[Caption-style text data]

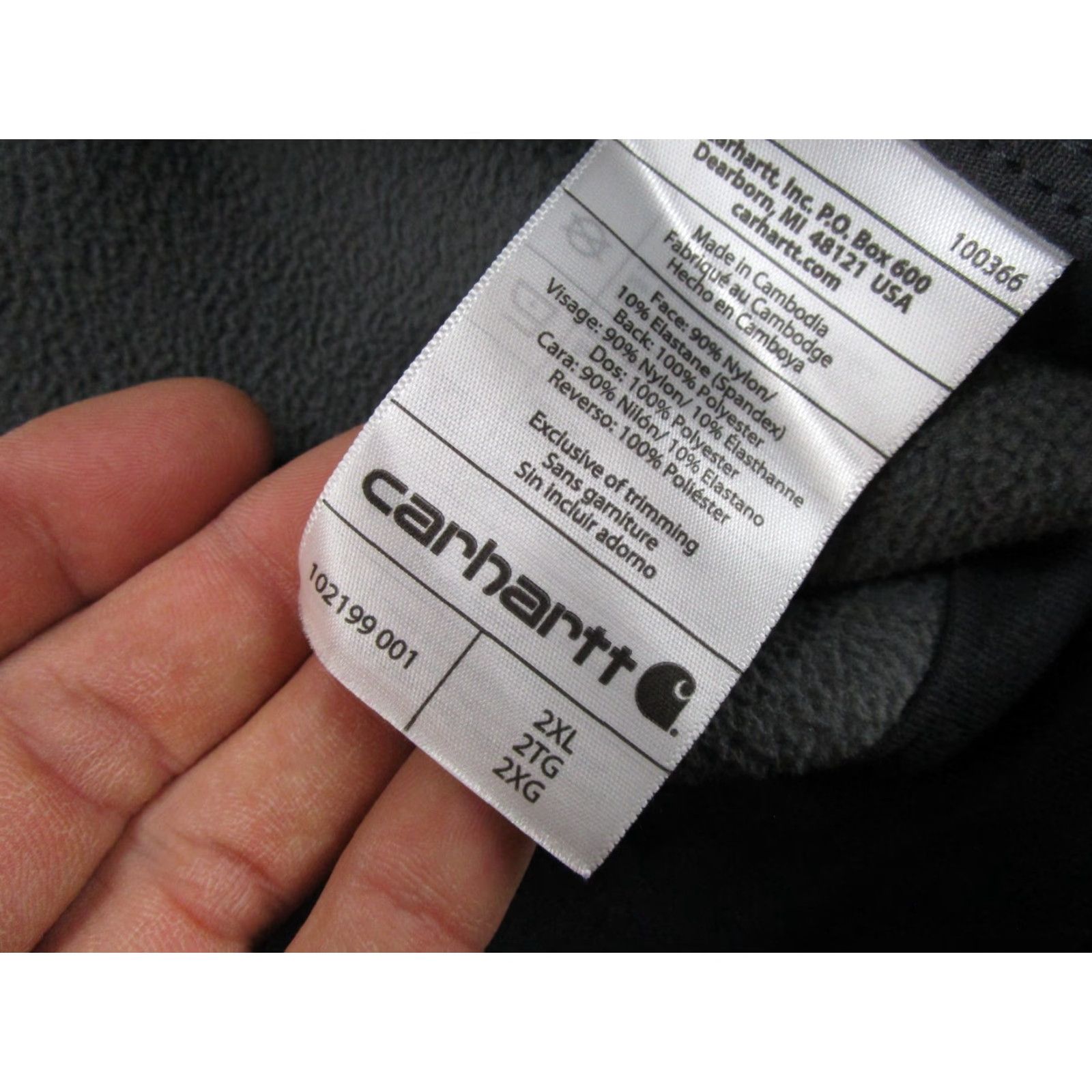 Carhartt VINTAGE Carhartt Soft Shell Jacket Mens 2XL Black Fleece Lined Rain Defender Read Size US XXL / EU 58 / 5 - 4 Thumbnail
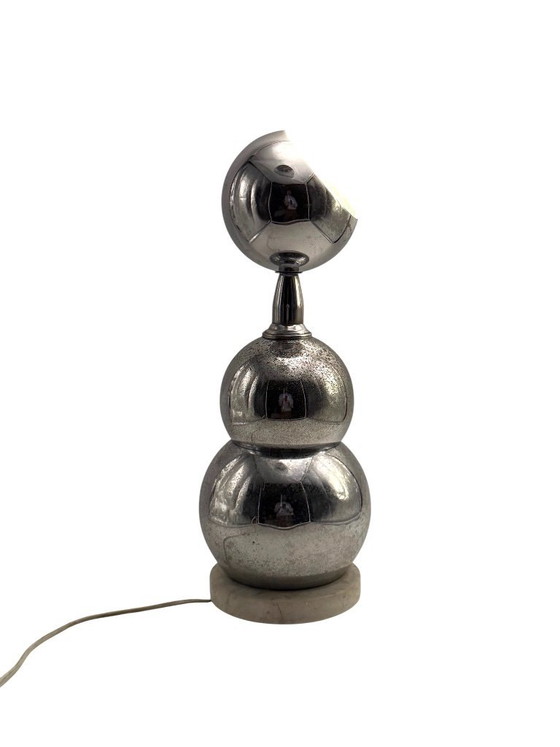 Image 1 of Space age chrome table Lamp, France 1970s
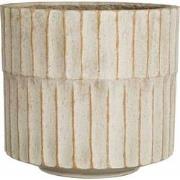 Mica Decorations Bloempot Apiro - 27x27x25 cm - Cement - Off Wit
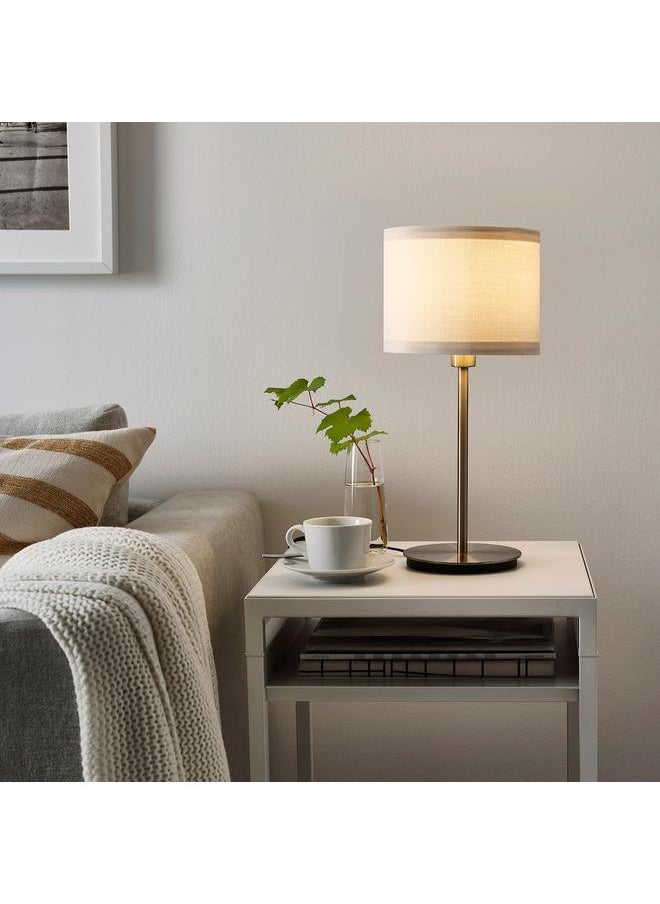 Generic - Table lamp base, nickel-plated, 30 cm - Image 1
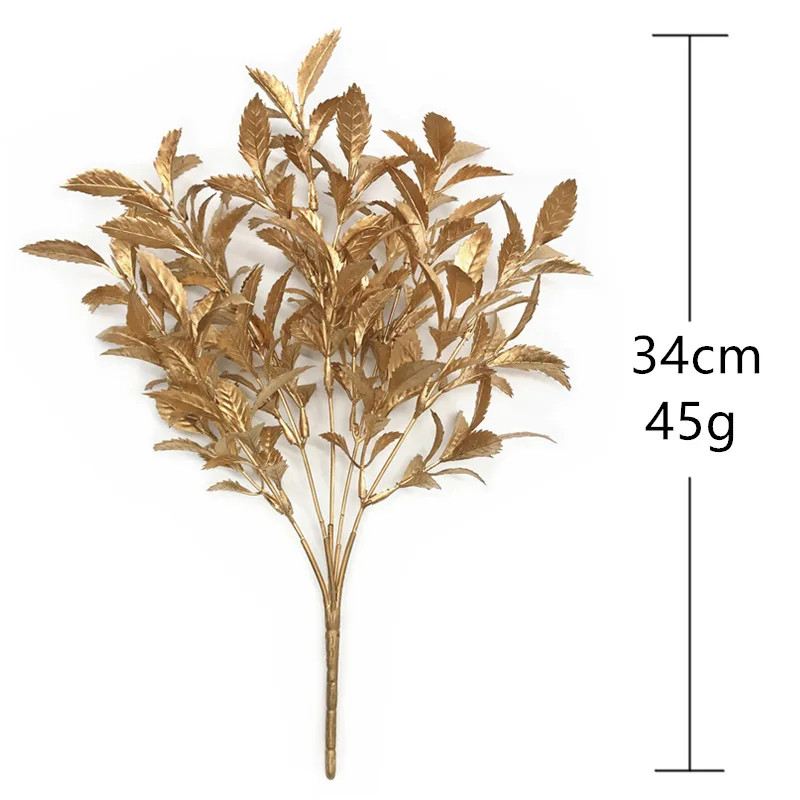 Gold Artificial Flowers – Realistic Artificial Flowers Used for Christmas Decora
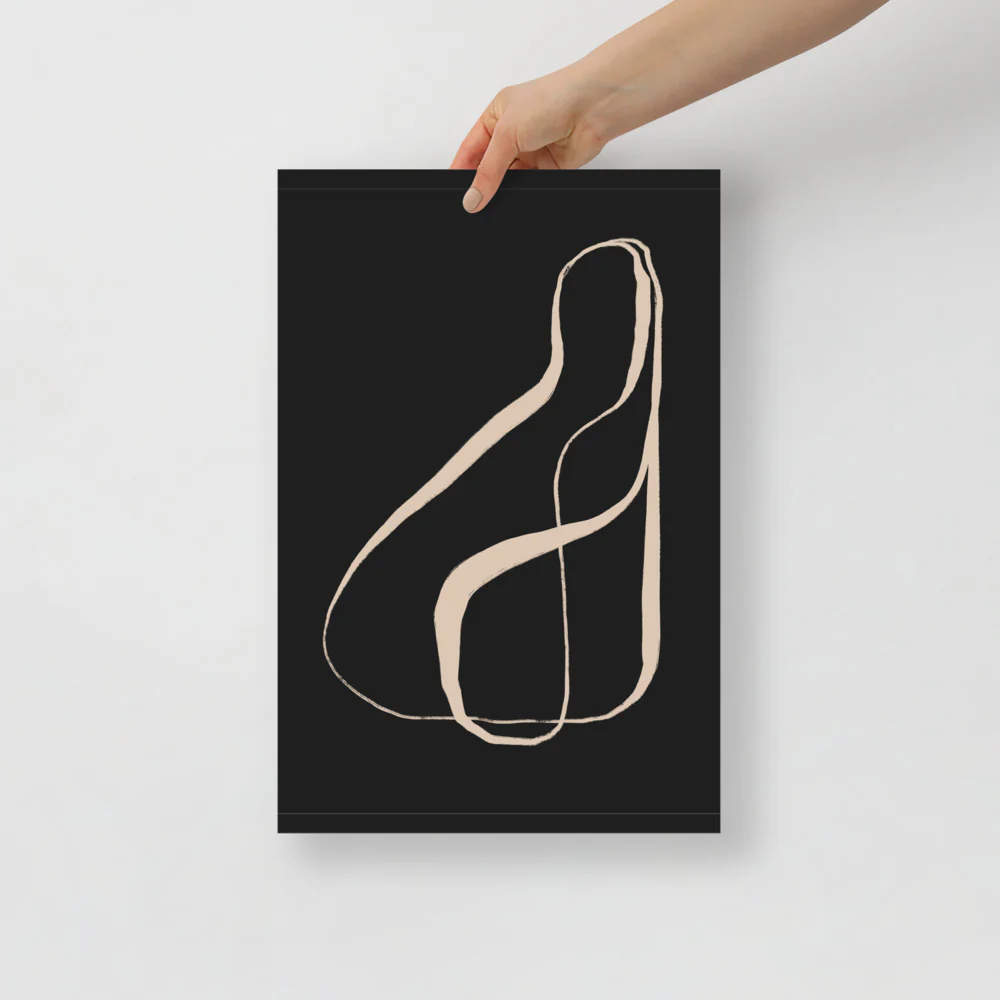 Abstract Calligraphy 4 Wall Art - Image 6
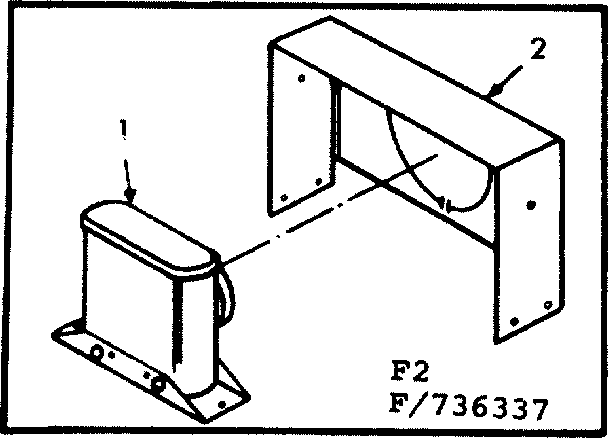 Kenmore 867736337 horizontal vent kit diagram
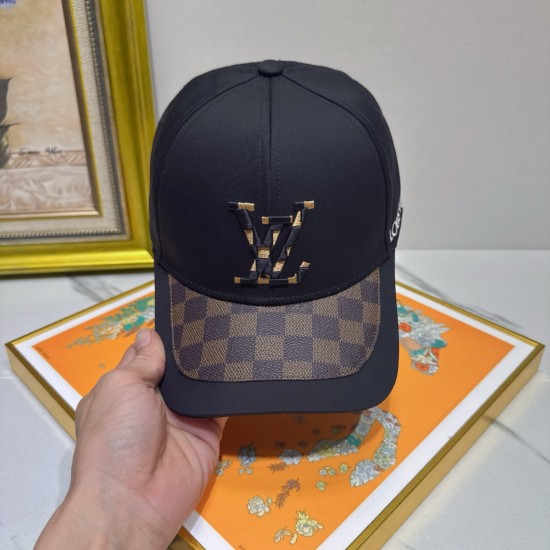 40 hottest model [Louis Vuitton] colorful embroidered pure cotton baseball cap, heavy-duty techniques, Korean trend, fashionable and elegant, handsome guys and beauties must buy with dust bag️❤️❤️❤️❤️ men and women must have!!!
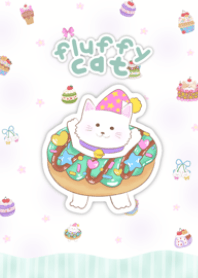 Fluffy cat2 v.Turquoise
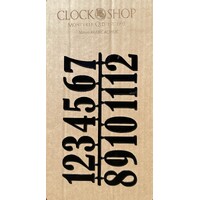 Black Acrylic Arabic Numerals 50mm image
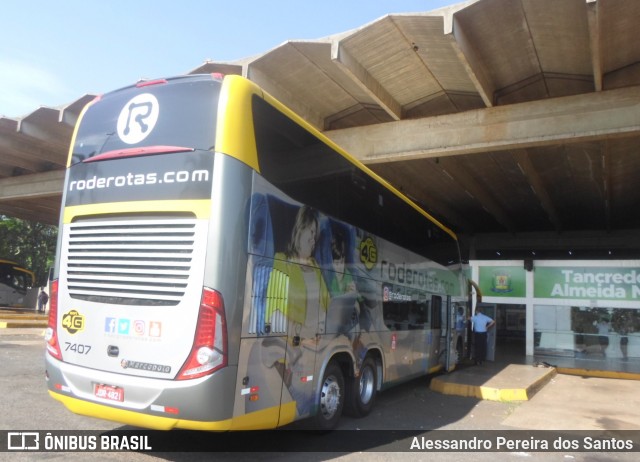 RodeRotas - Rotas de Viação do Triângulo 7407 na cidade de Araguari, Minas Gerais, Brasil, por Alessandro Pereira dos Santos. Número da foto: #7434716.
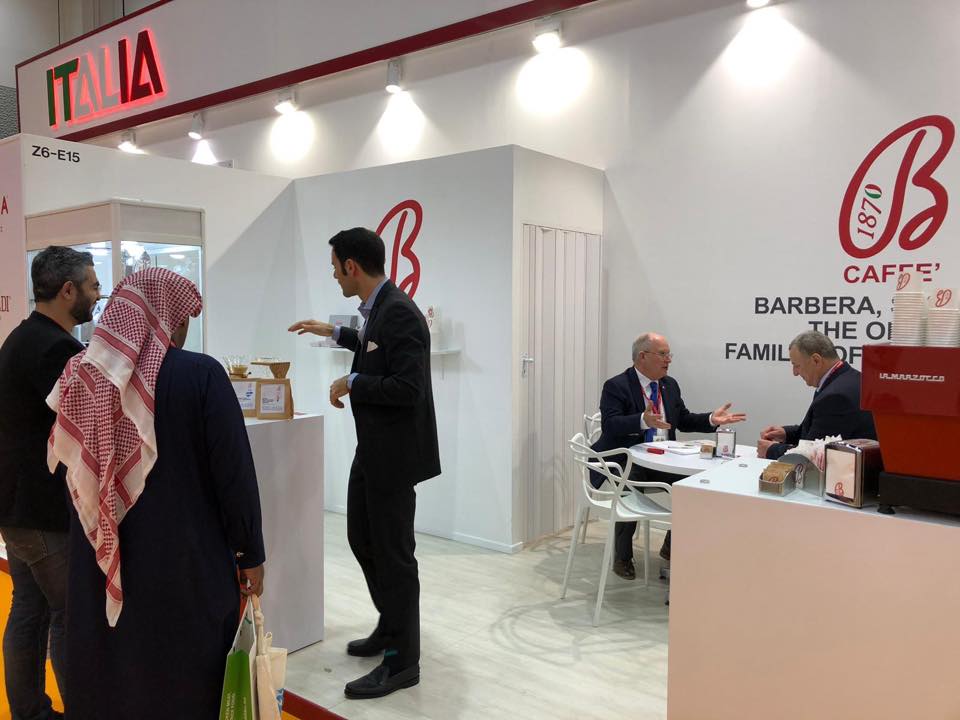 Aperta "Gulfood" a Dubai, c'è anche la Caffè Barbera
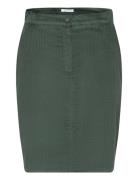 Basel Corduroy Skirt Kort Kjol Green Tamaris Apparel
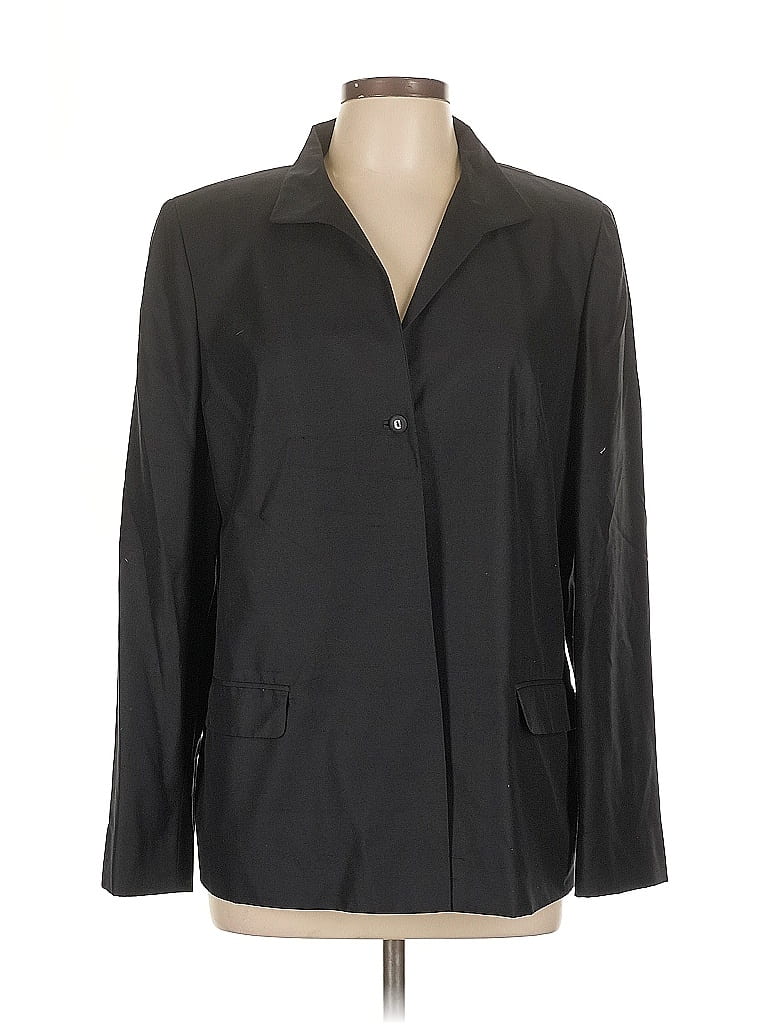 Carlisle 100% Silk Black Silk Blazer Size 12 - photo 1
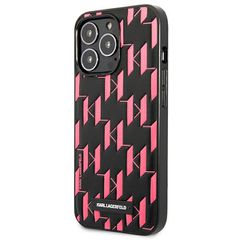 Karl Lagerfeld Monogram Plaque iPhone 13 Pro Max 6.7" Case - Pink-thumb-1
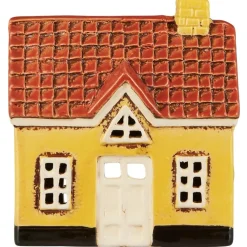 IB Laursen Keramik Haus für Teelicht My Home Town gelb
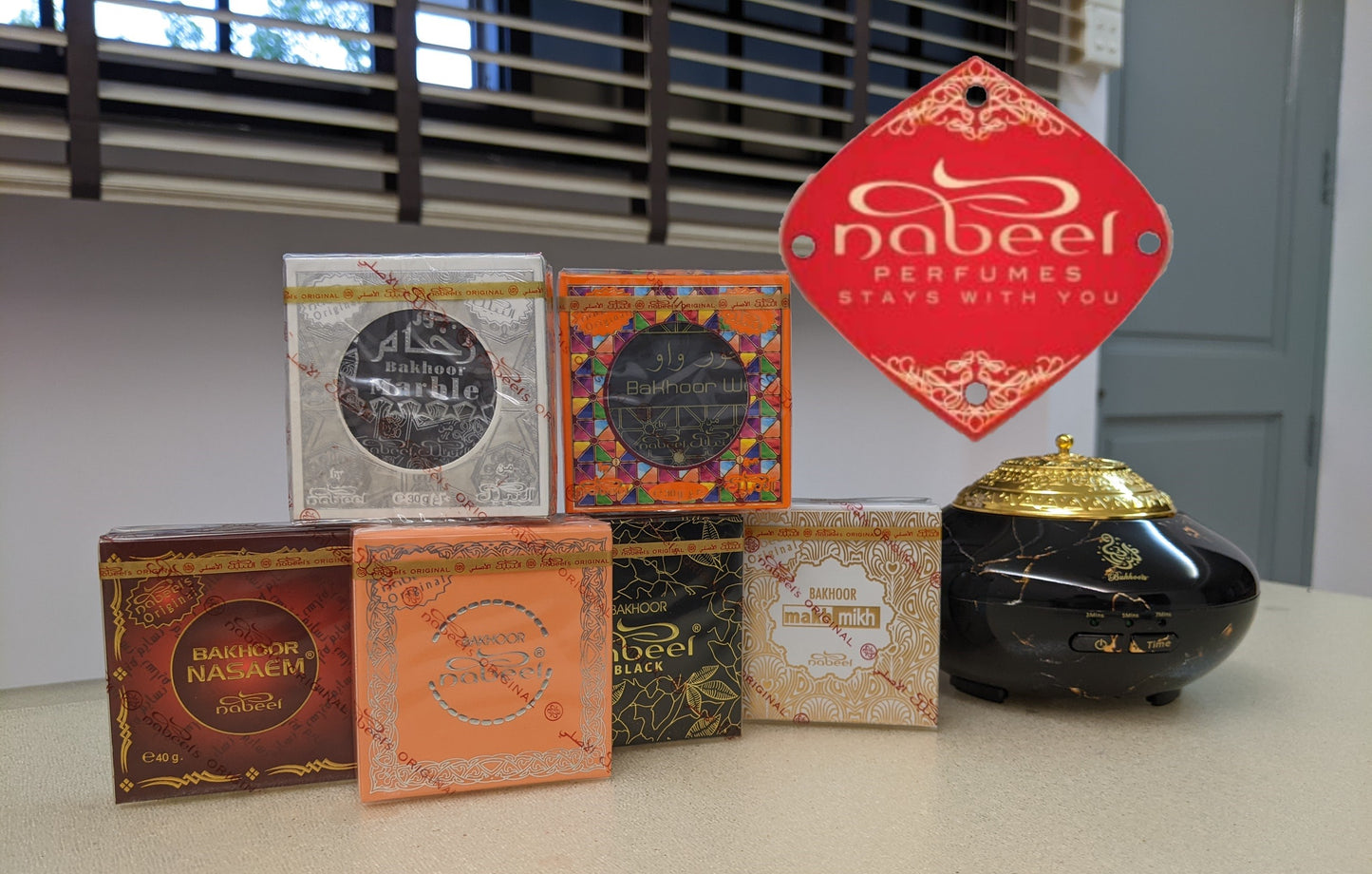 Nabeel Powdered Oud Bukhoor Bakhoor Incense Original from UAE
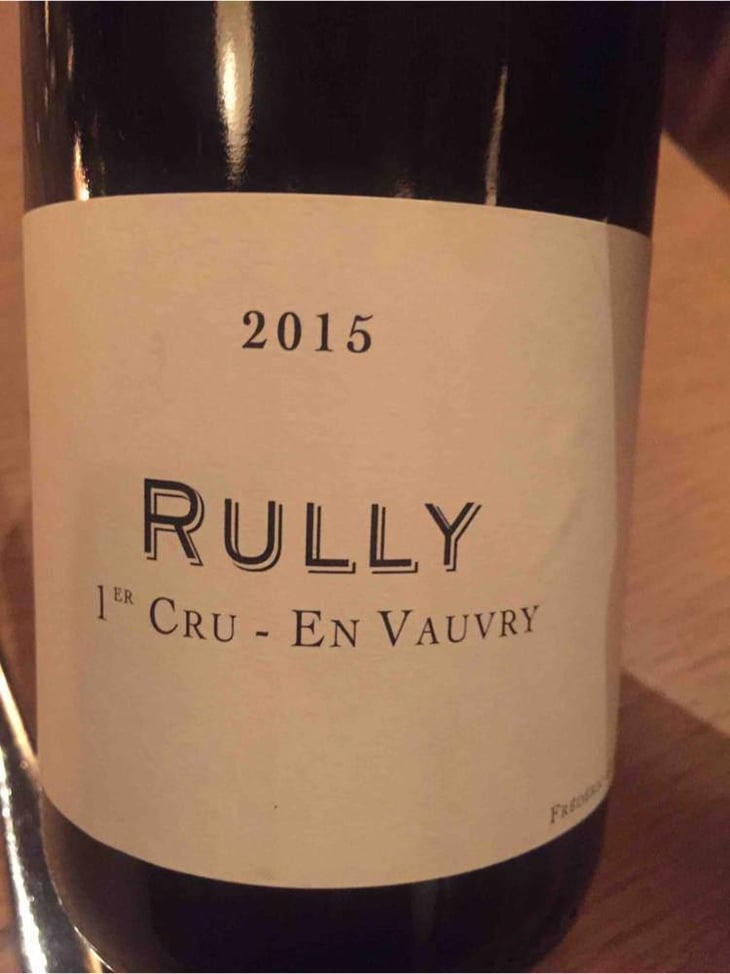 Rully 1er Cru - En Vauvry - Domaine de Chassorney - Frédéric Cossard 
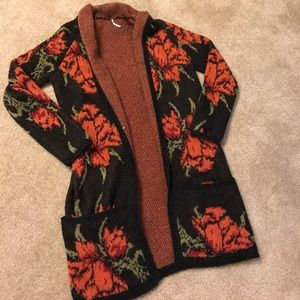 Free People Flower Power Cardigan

→ **Required work**: In the records above, take every line from the opening one through the line with "Kenmore 867736337 horizontal" and repeat it exactly; pictures are not part of the copy.

→ **Solution for this problem**:
 Carhartt VINTAGE Carhartt Soft Shell Jacket Mens 2XL Black Fleece Lined Rain Defender Read Size US XXL / EU 58 / 5 - 4 Thumbnail
 Image 1 of Space age chrome table Lamp, France 1970s
 Mica Decorations Bloempot Apiro - 27x27x25 cm - Cement - Off Wit
 Generic - Table lamp base, nickel-plated, 30 cm - Image 1
 Gold Artificial Flowers – Realistic Artificial Flowers Used for Christmas Decora
 Abstract Calligraphy 4 Wall Art - Image 6
 Kenmore 867736337 horizontal vent kit diagram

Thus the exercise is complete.